━━━━━ Input material ━━━━━

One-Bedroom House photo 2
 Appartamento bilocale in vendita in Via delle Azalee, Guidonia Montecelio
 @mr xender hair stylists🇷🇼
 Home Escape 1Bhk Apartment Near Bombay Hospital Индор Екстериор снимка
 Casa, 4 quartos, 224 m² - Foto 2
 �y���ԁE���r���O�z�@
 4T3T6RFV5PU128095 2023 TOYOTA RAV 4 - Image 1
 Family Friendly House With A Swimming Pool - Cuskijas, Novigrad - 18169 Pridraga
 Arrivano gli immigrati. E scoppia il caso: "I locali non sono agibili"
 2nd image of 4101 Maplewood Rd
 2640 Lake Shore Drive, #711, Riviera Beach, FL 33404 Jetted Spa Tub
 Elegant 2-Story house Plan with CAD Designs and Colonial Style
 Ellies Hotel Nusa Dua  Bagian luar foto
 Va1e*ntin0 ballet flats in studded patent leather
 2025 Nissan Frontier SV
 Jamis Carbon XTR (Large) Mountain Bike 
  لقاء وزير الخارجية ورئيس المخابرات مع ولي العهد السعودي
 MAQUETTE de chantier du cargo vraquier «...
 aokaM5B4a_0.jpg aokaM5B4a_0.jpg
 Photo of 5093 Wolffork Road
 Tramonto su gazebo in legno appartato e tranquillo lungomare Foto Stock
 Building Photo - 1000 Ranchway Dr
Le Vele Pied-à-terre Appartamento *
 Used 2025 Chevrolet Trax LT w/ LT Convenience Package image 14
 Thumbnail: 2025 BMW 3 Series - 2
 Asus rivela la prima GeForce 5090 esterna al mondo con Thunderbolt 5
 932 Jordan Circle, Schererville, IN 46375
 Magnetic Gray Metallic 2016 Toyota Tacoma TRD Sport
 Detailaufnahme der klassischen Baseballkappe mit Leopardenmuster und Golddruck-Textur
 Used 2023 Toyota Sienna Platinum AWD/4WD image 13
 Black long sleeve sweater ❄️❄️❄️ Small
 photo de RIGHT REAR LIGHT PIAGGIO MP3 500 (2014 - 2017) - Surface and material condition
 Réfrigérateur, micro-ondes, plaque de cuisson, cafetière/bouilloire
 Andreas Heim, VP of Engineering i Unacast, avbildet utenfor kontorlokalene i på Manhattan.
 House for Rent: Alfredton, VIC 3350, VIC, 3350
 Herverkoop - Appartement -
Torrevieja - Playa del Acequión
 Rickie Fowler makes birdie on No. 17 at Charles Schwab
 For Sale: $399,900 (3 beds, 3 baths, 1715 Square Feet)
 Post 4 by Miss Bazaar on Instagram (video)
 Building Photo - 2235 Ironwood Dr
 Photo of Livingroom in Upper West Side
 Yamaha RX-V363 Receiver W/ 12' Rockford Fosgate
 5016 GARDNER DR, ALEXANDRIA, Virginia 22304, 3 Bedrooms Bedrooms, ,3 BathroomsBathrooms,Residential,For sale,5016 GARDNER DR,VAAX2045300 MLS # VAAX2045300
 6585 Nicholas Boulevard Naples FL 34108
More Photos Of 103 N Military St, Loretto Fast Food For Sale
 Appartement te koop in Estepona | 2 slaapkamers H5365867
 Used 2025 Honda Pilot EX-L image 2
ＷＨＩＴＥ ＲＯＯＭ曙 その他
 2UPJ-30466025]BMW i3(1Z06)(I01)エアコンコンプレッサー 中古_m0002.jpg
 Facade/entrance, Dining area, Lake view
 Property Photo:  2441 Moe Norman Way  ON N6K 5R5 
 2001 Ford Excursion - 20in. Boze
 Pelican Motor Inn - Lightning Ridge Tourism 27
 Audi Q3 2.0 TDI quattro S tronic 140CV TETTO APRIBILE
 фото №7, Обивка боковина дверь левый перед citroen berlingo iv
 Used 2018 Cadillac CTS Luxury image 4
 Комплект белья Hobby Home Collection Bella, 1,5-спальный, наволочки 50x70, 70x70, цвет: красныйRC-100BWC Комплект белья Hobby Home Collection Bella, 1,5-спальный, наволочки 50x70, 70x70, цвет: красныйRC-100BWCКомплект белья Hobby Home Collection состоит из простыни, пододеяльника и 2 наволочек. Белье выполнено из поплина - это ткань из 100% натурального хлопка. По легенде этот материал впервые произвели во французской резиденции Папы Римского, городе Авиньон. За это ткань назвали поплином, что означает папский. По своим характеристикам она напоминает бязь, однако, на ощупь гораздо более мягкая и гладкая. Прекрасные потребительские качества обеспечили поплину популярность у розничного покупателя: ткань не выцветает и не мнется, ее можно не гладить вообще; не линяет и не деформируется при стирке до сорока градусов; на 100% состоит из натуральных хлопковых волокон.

━━━━━

Required work — Leave out every line before the one containing "2001 Ford Excursion - 20in. Boze". Transcribe that line and all lines after it through the end of the data above, exactly.

Output of the exercise —
 2001 Ford Excursion - 20in. Boze
 Pelican Motor Inn - Lightning Ridge Tourism 27
 Audi Q3 2.0 TDI quattro S tronic 140CV TETTO APRIBILE
 фото №7, Обивка боковина дверь левый перед citroen berlingo iv
 Used 2018 Cadillac CTS Luxury image 4
 Комплект белья Hobby Home Collection Bella, 1,5-спальный, наволочки 50x70, 70x70, цвет: красныйRC-100BWC Комплект белья Hobby Home Collection Bella, 1,5-спальный, наволочки 50x70, 70x70, цвет: красныйRC-100BWCКомплект белья Hobby Home Collection состоит из простыни, пододеяльника и 2 наволочек. Белье выполнено из поплина - это ткань из 100% натурального хлопка. По легенде этот материал впервые произвели во французской резиденции Папы Римского, городе Авиньон. За это ткань назвали поплином, что означает папский. По своим характеристикам она напоминает бязь, однако, на ощупь гораздо более мягкая и гладкая. Прекрасные потребительские качества обеспечили поплину популярность у розничного покупателя: ткань не выцветает и не мнется, ее можно не гладить вообще; не линяет и не деформируется при стирке до сорока градусов; на 100% состоит из натуральных хлопковых волокон.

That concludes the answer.